■ Assigned task
Write out the lines below exactly, beginning at the one with "OS College has" and stopping after the one with "You can also clone, which"; the pictures are not copied.
Start of Information shown
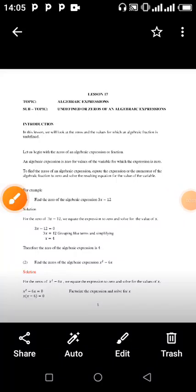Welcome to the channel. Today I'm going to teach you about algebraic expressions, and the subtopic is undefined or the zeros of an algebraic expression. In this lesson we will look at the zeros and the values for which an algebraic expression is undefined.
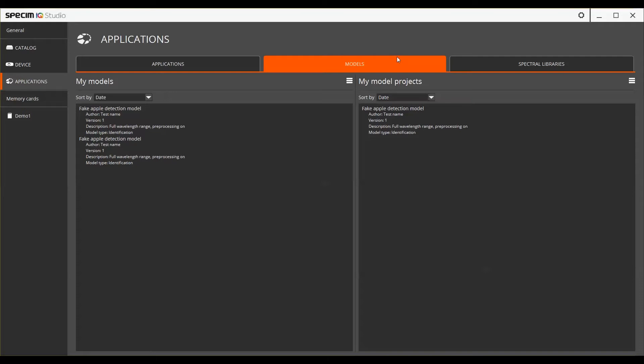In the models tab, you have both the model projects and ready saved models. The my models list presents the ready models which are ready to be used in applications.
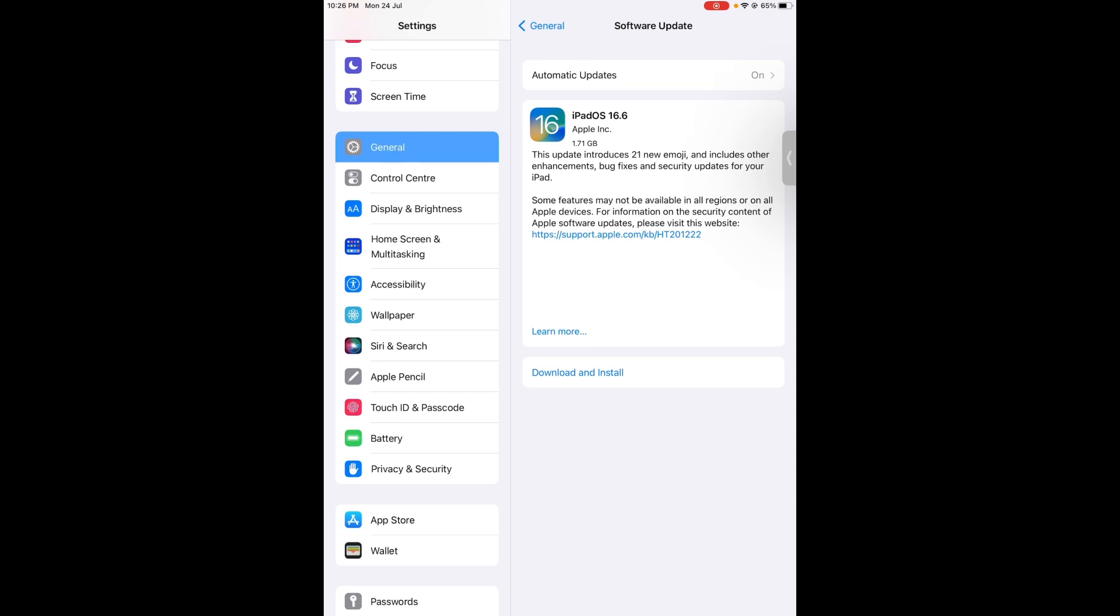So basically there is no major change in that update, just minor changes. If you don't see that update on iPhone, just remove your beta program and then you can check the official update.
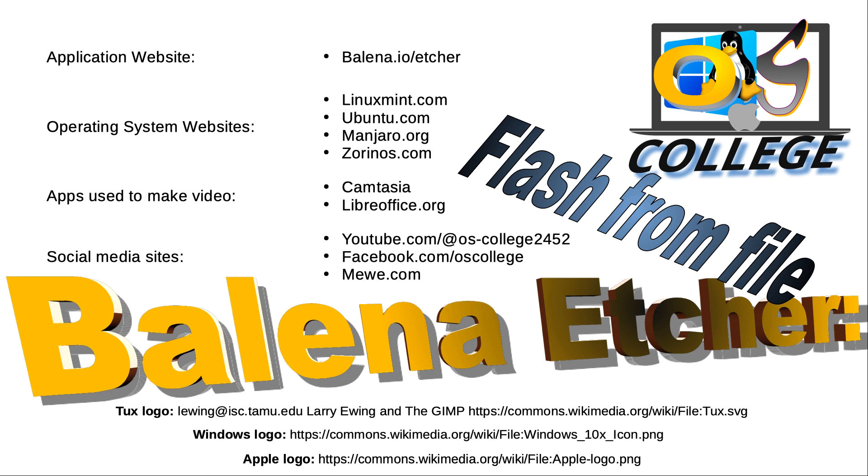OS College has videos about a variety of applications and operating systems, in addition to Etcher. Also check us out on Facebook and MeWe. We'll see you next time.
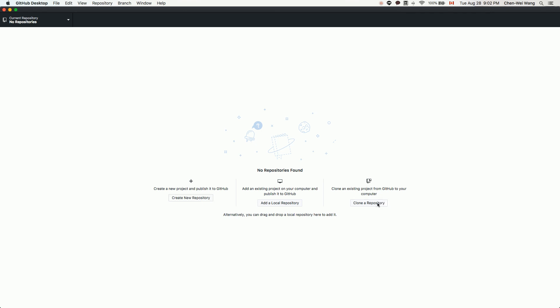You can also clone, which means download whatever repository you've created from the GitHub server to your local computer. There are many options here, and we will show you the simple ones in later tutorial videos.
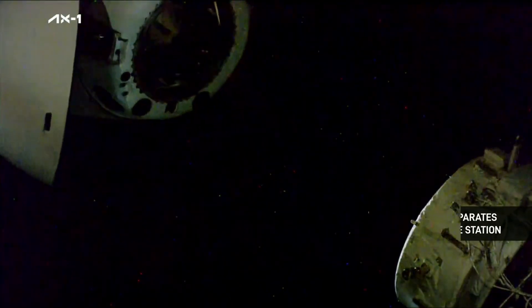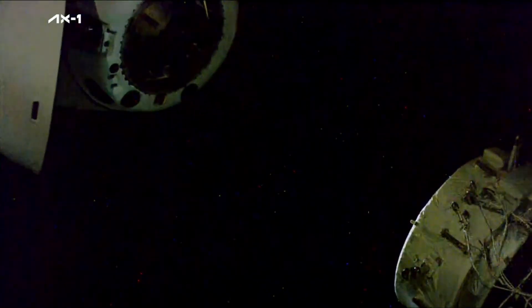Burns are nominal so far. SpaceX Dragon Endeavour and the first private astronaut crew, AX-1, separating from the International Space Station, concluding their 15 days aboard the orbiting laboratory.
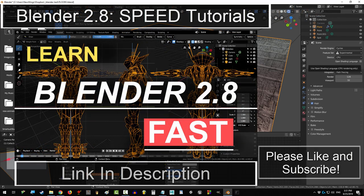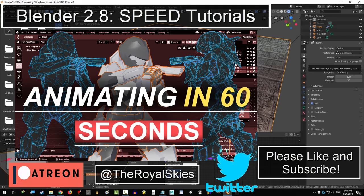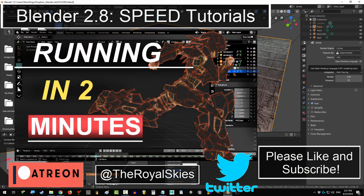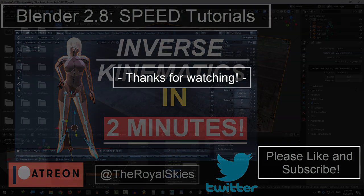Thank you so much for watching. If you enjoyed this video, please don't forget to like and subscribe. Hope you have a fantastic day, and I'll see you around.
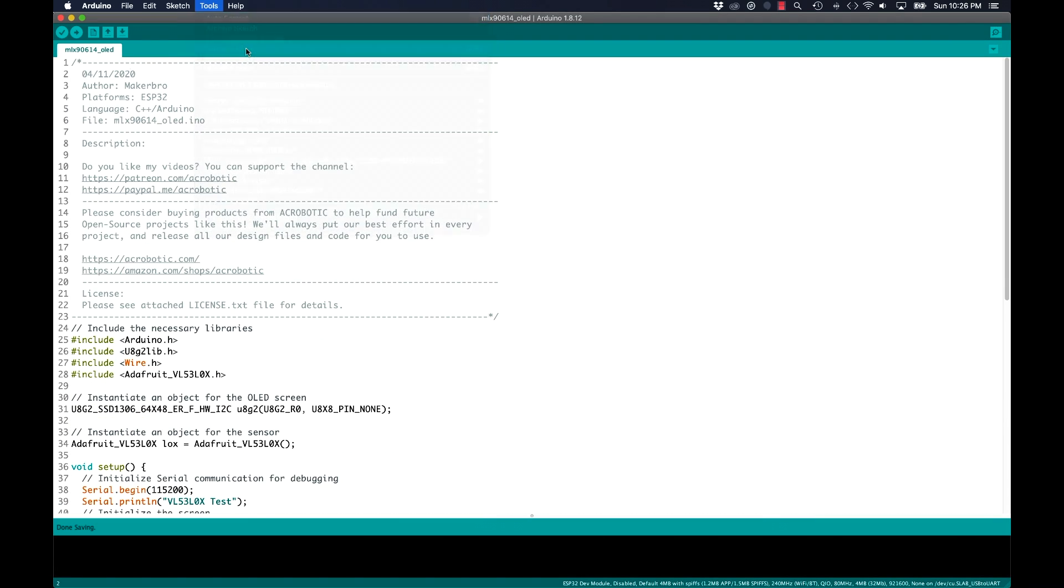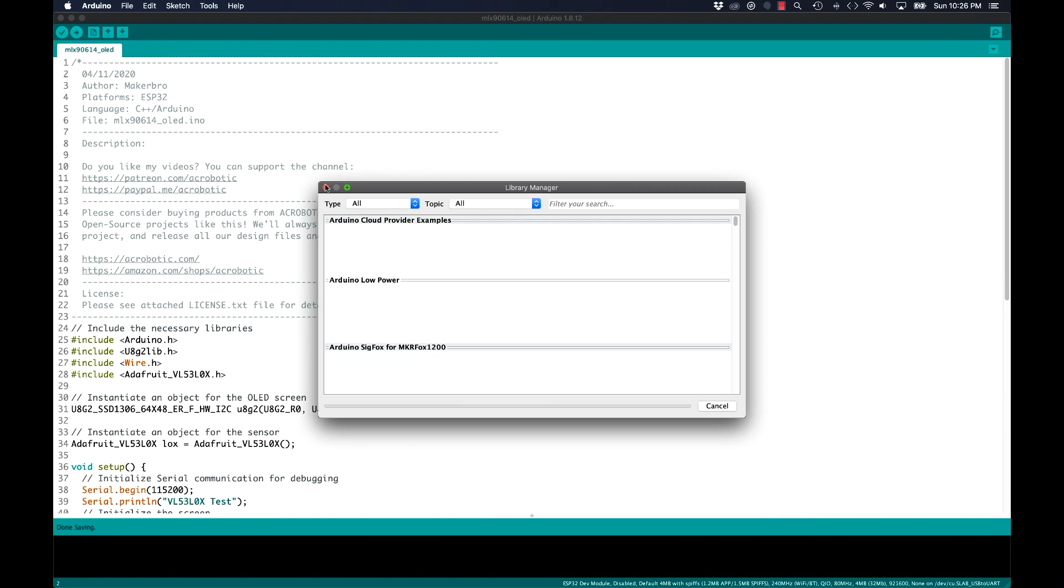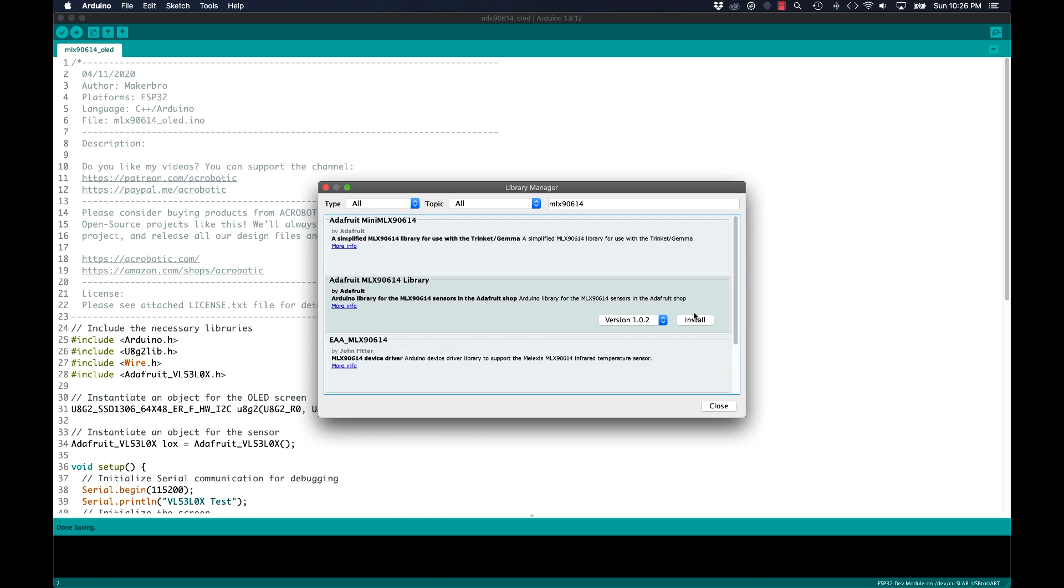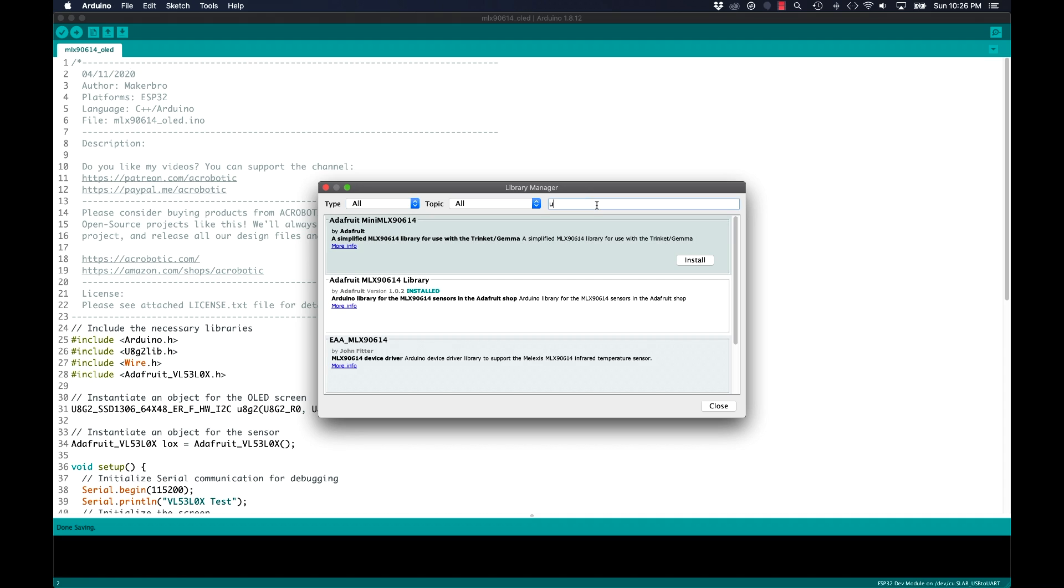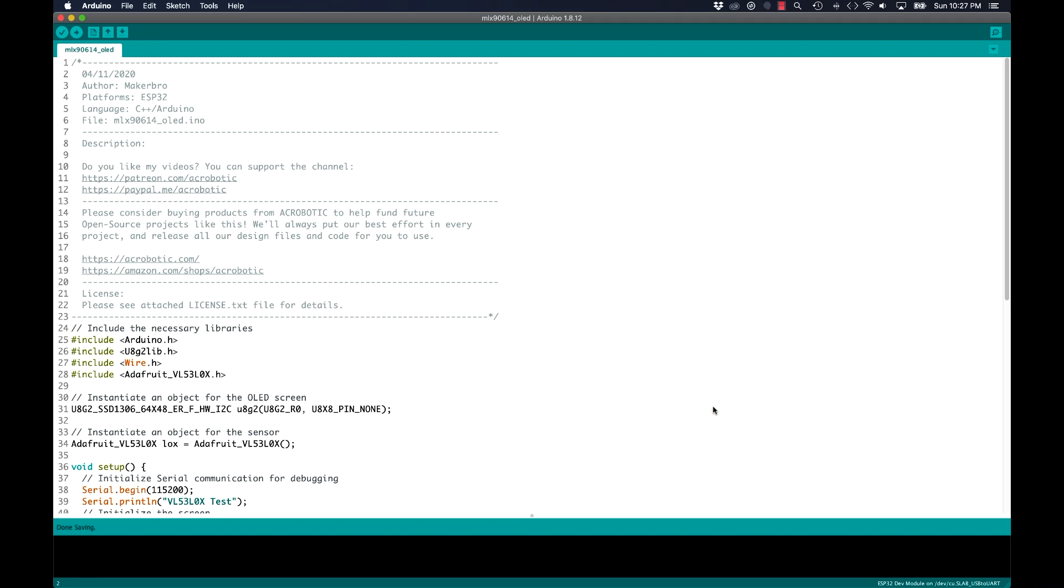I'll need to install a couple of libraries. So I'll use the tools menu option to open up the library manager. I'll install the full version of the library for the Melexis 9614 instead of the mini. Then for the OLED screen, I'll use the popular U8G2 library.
End of Information shown
Start of Information shown
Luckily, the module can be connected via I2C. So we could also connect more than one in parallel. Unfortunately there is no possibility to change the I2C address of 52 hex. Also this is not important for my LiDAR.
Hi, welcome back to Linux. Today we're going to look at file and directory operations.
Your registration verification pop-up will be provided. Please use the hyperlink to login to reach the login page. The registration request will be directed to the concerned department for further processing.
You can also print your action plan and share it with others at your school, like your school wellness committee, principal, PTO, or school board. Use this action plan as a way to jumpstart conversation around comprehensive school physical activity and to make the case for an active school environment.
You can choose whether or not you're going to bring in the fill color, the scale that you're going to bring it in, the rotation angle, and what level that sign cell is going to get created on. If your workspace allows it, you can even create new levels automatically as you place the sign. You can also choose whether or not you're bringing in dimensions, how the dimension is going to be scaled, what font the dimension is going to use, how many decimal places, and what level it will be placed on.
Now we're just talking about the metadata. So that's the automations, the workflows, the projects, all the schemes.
End of Information shown
■ Response to this exercise
OS College has videos about a variety of applications and operating systems, in addition to Etcher. Also check us out on Facebook and MeWe. We'll see you next time.
You can also clone, which means download whatever repository you've created from the GitHub server to your local computer. There are many options here, and we will show you the simple ones in later tutorial videos.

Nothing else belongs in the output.